Notice how I separated her hair on its own layer, so that I could work freely on it without worrying about having to keep retouching her face? I had to be careful that the two would work together without it resembling a crash helmet. I merged them as soon as you could and softened the edges in places to make it more natural. This kind of separation of parts is useful but can lead to way too many layers, even for me! Remember the need to keep control – apart from anything else, everything will slow down as the file size soars if you don’t.

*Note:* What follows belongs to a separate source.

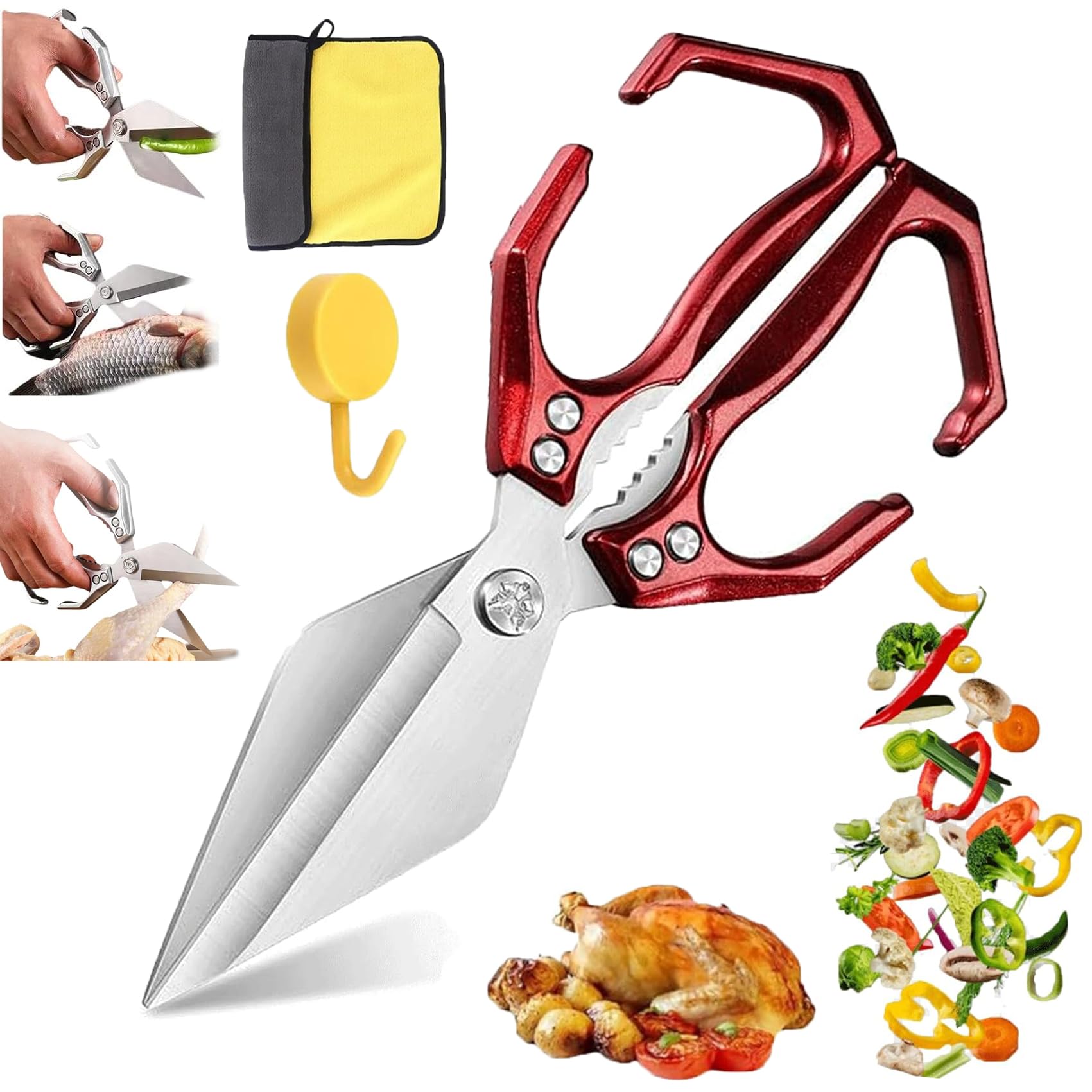 Multifunctional Heavy-Duty Kitchen Shears, Heavy Duty Kitchen Scissors with Ergonomic Handle,High-Carbon Steel Japanese Scissors for Chicken,Meat,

Something I particularly like in Artrage is the ability to make stencils out of images. Using texture images I have on disk already, I opened the stencil palette and navigated to a folder I’d already made called ‘Textures’ (you can put your new stencils in whatever stencil folder you prefer). Click on the ‘Add New Stencil’ button and you can browse your system to an image file of your choosing. Open the image and the stencil is created. They appear as red rectangles (see image). Right-clicking on a PC gives you the option of inverting the stencil (Mac users have to navigate through the tools/stencil). There are really handy stencil transform options using the space bar (move), Alt/Option (scale) and Ctrl/Command (rotate) keys (PC). You can also leave them hidden in place, making them temporarily inactive (Fig.09 and Fig.10) .
I upped the dpi to 200dpi by the way (image size is 32.5x40cm) – so keeping layers under control becomes more important for file size issues.
To help unify the lighting, I created a flat blue layer on top using the roller. Changing blending mode to Multiply (right-click and navigate to change from default), I reduced the opacity. By painting on it with white or rubbing away with the eraser, you can introduce ‘light’ back into the gloom. I used a single light source overhead to illuminate the scene and pick out details accordingly. I consolidated the forms of her victims somewhat in ‘body colour’ (sorry about the pun), and airbrushed some darker shadows on another ‘Multiply’ layer. This is something else I do a lot. Although again, I repeat: merge these layers when you can to keep the thing moving along and control the file size a bit (Fig.11 and Fig.12)!